[Material for the task]:
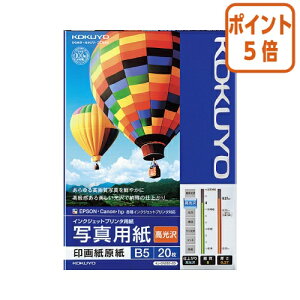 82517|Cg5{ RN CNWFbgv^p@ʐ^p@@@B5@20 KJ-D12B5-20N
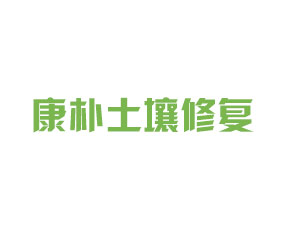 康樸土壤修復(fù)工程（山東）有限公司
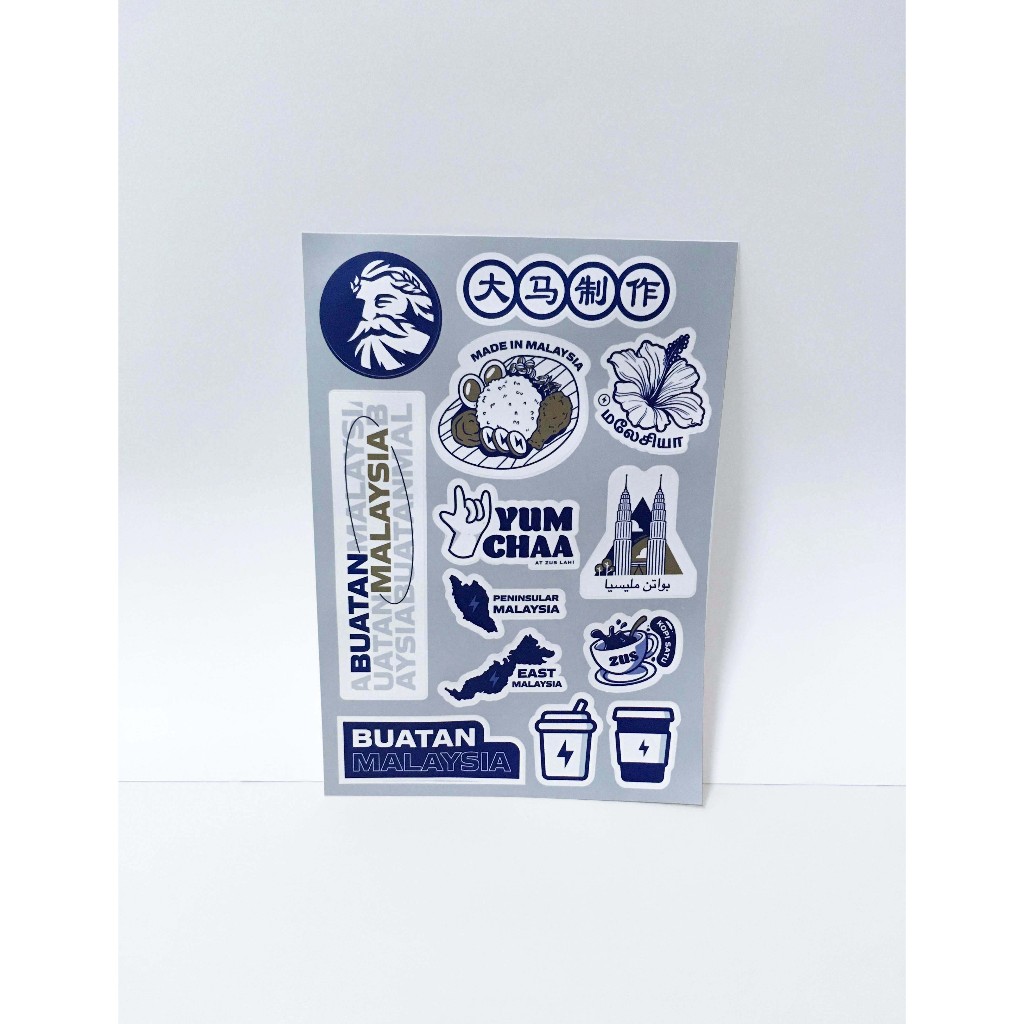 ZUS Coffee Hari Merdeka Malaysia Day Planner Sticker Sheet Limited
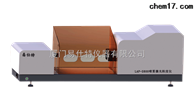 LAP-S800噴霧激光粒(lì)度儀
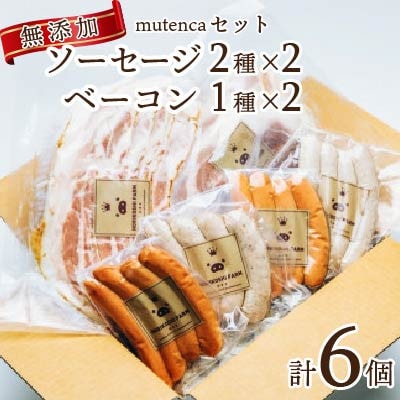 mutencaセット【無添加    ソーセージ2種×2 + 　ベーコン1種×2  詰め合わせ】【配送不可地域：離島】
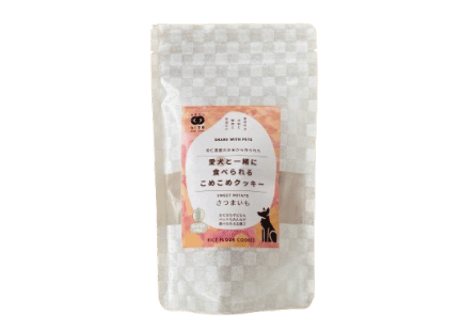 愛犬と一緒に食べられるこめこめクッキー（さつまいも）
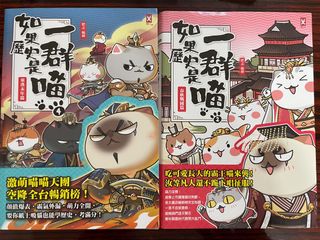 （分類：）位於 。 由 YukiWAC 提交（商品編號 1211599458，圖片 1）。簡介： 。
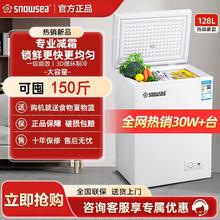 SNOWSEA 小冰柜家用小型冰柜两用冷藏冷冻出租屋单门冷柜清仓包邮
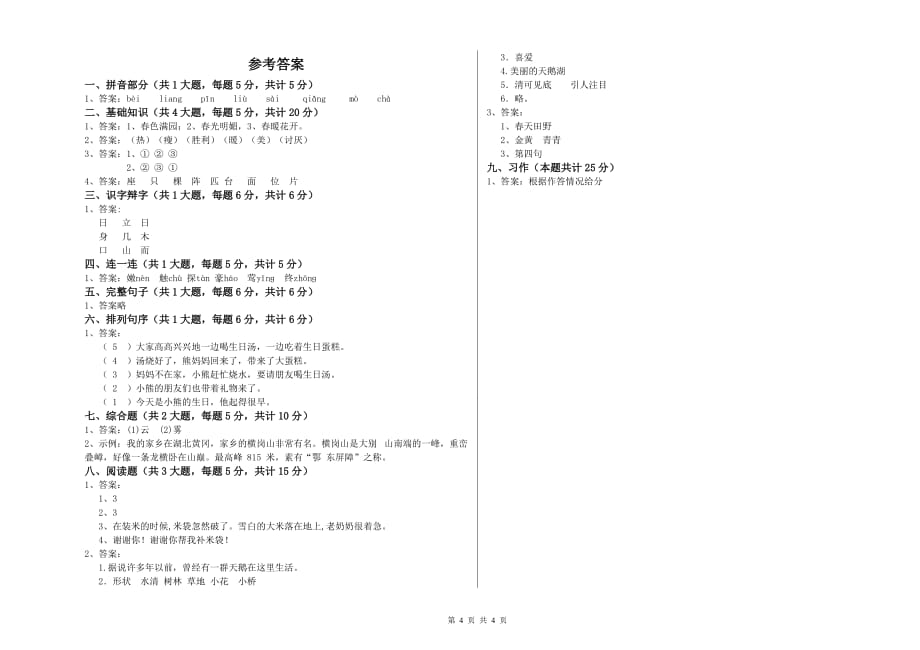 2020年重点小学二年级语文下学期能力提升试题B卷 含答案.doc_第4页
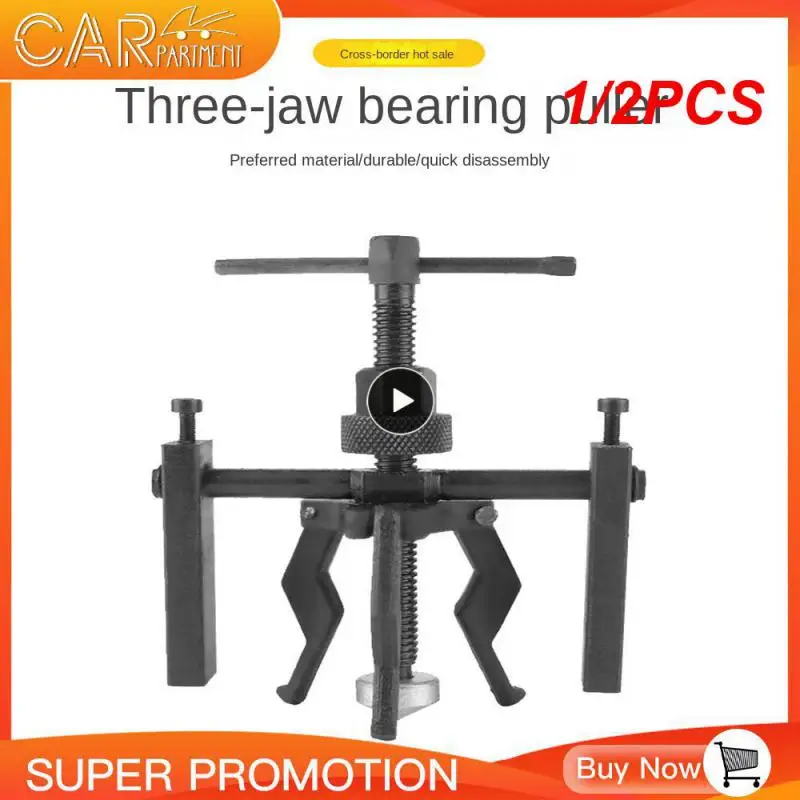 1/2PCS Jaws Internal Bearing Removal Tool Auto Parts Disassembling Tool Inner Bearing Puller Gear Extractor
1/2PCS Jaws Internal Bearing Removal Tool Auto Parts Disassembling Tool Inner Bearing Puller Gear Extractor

[Directions]: Reproduce only the lines between the line with "康樸土壤修復(fù)工程（山東）有限公司" and the final line of the records, both included, so that the copy matches them exactly and contains no pictures.

[Written response]:
 康樸土壤修復(fù)工程（山東）有限公司
 ZUS Coffee Hari Merdeka Malaysia Day Planner Sticker Sheet Limited
 LAP-S800噴霧激光粒(lì)度儀
 mutencaセット【無添加    ソーセージ2種×2 + 　ベーコン1種×2  詰め合わせ】【配送不可地域：離島】
 愛犬と一緒に食べられるこめこめクッキー（さつまいも）
 （分類：）位於 。 由 YukiWAC 提交（商品編號 1211599458，圖片 1）。簡介： 。
 SNOWSEA 小冰柜家用小型冰柜两用冷藏冷冻出租屋单门冷柜清仓包邮
 2020年重点小学二年级语文下学期能力提升试题B卷 含答案.doc_第4页
 1/2PCS Jaws Internal Bearing Removal Tool Auto Parts Disassembling Tool Inner Bearing Puller Gear Extractor
1/2PCS Jaws Internal Bearing Removal Tool Auto Parts Disassembling Tool Inner Bearing Puller Gear Extractor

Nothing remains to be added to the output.